Even though the department will not increase its staff in the foreseeable future, they have supported students through expanding the curriculum. Mamantov estimated that now “at least half of [the core courses] are offered every term,” especially CS 111: Introduction to Computer Science and CS 201: Data Structures, since a lot of students want to learn basic CS concepts. 

When Ondich came to the CS department in 1991, he brought with him the goal of building the curriculum around a nice balance between mathematical theory and engineering, which he believes the department is achieving through their course offerings. When he arrived, the department was only about a decade old, having split off from Mathematics in the early 1980’s.

Although tenured faculty are the heart of a department, Mamantov and Newman-Heggie have also both interacted with many different visiting professors during their time at Carleton. Newman-Heggie noted that “their expertise in their research really make up what classes could be taught at Carleton.” She thinks that visiting professors enrich students’ academic experience by offering courses based on their research focuses. As a result, students are exposed to different areas of CS, some of which may be very niche. 

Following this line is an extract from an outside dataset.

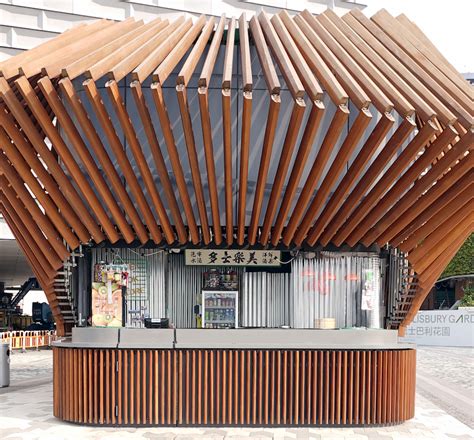 Harbour Kiosk With Kinetic Mechanism In Hong Kong By LAAB Architects Is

Mamantov agreed with this perspective, adding that visiting professors have “expanded the number of courses offered and the type of courses offered,” and that “once they leave you don’t frequently have those courses taught again.” Mamantov, who aspires to go into a teaching career, said she appreciates the opportunity to “know a really young professor in the beginning of their career [and] learning how they learned to teach.”

Both Newman-Heggie and Mamantov have observed an increased interest in CS from the student body since they arrived at Carleton. Newman-Heggie noted that “more students [are] coming to CS,” with a notable portion of them being double majors since CS is very interdisciplinary and can “transfer into anything.” On the flipside, she also noticed from her experience as an SDA that some students who have shown keen interest in CS are “scared to take Intro [because they have] never programmed before.” 

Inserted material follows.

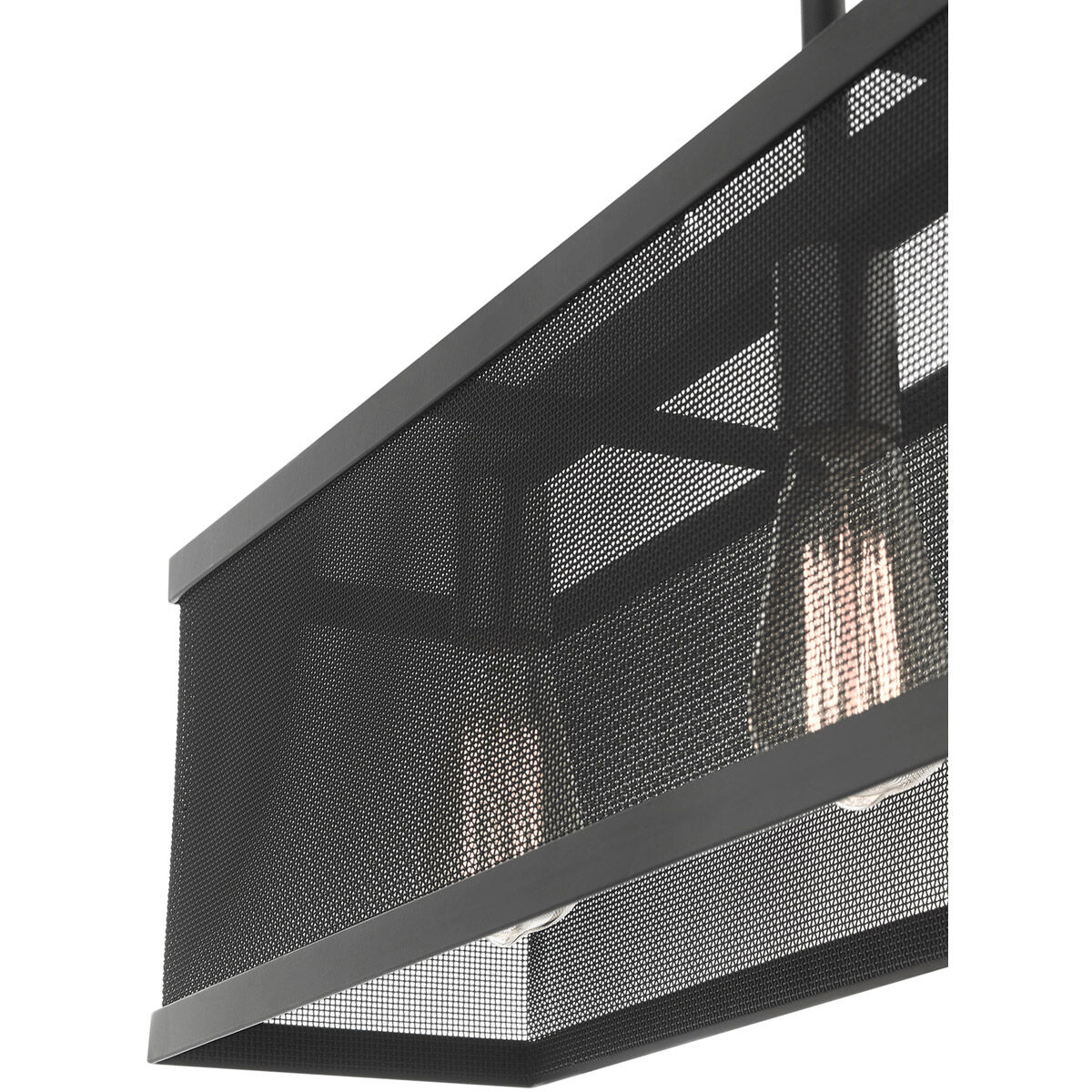 Industro 3 Light 7 inch Black with Brushed Nickel Accents Chandelier Ceiling Light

Adding onto this is the issue of gender representation in CS. Although Newman-Heggie shared that there are “more non-male-identifying students than there have been previously” in the department, work remains to be done. Ondich acknowledged the gender imbalance, adding that even though Carleton’s gender ratio is “better than the national numbers, [we] still were nowhere near” half of the majors being women and gender minorities. 

One of the major goals of the CS department is to “figure out how to be more inclusive [of] a community where everybody gets support they need,” and feels included in the larger community. Ondich revealed the somber truth that “there are very serious problems of isolation and hostility” to people in the technology industry who aren’t white and don’t identify as a man. 

This manifests in higher education in the form of “students driv[ing] other students away” from CS, he said. According to Ondich, the department is trying to “redirect the energies of students [who scare others away] and reach out to the students who [are] driven away.” Some students “just bail on CS because they just feel out of their depth or not welcomed,” Ondich said.